Very well written email message from Geoff Teale on the golang mailing list on programmers and progamming languages (thread).

To summarise a long presentation I gave to non-programmers:

  • There are 12 million programmers in the world
  • The majority of those programmers are scarcely qualified
  • Most technology decisions are made by a combination of following the crowd and a false understanding of risk.
  • The high cost and failure rate in software development is no coincidence.

Remember the Stevie Wonder rule - “When you believe in something you don’t understand then you suffer”. In this case that means “Perhaps making programming language decisions based on what 12 million powerless idiots are doing isn’t the golden road to glory and great hacks.”

Go is a genuine attempt to improve the state of systems programing language beyond the point they reached in the early 1970s.

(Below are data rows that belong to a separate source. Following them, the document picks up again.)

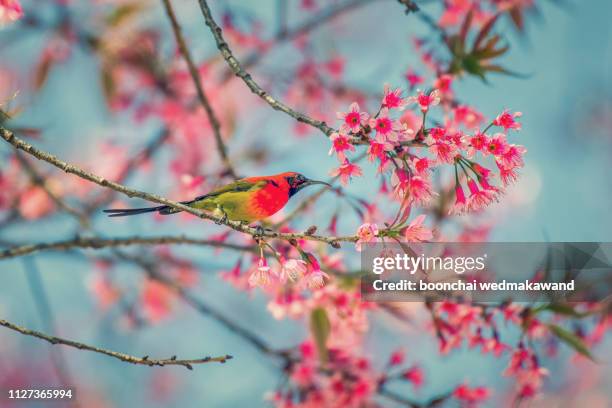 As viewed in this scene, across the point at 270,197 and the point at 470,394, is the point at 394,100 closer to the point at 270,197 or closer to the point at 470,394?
the point at 270,197

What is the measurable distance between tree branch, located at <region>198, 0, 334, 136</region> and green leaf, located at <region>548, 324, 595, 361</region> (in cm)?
144

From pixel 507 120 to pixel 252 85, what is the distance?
0.75 meters

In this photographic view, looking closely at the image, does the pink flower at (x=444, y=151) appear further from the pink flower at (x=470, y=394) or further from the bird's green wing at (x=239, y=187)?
the pink flower at (x=470, y=394)

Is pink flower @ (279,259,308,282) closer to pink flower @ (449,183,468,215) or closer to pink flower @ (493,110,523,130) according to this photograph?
pink flower @ (449,183,468,215)

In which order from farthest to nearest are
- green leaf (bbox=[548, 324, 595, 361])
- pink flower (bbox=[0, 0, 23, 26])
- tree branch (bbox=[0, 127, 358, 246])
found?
green leaf (bbox=[548, 324, 595, 361])
pink flower (bbox=[0, 0, 23, 26])
tree branch (bbox=[0, 127, 358, 246])

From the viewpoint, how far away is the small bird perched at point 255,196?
6.99 feet

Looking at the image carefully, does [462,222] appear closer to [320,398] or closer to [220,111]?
[320,398]

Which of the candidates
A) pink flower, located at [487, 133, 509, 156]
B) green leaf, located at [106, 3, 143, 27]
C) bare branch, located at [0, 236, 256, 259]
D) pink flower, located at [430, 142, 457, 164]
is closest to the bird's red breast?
bare branch, located at [0, 236, 256, 259]

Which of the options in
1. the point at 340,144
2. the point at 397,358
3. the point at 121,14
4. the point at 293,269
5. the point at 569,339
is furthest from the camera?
the point at 121,14

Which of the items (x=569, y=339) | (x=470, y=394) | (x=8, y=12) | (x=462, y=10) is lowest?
(x=470, y=394)

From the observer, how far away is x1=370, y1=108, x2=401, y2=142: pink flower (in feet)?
5.63

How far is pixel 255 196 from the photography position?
6.98 feet

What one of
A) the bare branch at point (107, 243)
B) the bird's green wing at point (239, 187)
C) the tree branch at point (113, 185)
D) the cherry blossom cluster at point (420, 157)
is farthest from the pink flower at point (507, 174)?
the bare branch at point (107, 243)

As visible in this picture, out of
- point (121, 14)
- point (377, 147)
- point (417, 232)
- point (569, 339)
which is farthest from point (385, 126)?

As a result the sort of people using it are mostly that small community of people who understand and care about the concerns that drive such a development.

You’re not going to catch those 12 million people unless you can market heavily enough the idea that their future income depend on jobs/contacts built around go, but that goal just draws resources and energy away from making the language better.

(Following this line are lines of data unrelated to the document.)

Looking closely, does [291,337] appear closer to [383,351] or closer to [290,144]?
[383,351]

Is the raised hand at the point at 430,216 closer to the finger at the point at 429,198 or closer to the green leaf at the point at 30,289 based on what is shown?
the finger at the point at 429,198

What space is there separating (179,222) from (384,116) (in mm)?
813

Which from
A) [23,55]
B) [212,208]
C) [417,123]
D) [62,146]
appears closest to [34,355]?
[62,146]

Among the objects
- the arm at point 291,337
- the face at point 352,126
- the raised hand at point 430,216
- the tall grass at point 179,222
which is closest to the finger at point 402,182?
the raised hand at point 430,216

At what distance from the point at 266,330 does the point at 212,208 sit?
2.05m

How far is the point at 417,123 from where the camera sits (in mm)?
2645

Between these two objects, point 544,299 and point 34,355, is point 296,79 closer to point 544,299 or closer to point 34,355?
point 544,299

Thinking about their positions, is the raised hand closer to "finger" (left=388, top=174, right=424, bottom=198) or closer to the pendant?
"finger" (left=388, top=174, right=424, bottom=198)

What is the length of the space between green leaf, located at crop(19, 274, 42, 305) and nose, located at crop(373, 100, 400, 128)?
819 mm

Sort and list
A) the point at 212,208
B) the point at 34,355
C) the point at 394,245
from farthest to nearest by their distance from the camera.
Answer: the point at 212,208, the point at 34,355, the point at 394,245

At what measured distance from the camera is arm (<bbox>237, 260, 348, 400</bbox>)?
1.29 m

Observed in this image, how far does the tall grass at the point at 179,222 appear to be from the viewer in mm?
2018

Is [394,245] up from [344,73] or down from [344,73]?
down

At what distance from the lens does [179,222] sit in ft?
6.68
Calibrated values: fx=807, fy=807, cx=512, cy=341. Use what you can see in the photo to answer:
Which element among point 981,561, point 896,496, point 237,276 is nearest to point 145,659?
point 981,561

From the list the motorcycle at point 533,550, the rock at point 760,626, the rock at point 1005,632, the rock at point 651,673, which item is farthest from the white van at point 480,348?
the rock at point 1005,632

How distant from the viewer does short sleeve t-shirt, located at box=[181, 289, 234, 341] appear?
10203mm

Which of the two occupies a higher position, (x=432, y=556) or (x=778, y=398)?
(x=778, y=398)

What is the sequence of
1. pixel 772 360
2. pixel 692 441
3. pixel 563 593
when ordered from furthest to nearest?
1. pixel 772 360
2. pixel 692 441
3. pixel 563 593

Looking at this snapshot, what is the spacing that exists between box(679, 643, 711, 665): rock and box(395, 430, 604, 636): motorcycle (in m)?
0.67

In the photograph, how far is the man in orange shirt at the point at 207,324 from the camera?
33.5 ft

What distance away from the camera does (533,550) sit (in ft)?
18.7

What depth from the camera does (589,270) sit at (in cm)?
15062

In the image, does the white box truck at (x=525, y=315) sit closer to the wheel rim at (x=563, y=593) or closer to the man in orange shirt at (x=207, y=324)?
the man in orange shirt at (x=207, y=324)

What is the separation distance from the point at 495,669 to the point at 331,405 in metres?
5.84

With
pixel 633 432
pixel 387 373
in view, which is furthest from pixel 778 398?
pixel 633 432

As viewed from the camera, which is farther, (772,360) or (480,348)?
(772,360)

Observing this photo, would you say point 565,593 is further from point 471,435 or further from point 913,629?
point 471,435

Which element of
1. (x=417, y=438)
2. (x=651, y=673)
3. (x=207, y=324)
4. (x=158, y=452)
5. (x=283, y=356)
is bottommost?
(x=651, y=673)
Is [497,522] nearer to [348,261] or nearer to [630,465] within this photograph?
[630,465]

Arguably Java also suffers from it’s large community of corporate drones. The slavish tendency to build baroque, mausoleums of intricate classes, dense with state and dripping with verbose XML is a reflection of the unthinking insanity of the 12 million.

I’d rather a tiny community use the language well, built successful applications and organically grew the user base whilst establishing a clean, sane library base that might later be used to improve the lives of a wider population of programmers.

I’ve said more than enough, I’ll trundle back to the twelve million and take my punishment now.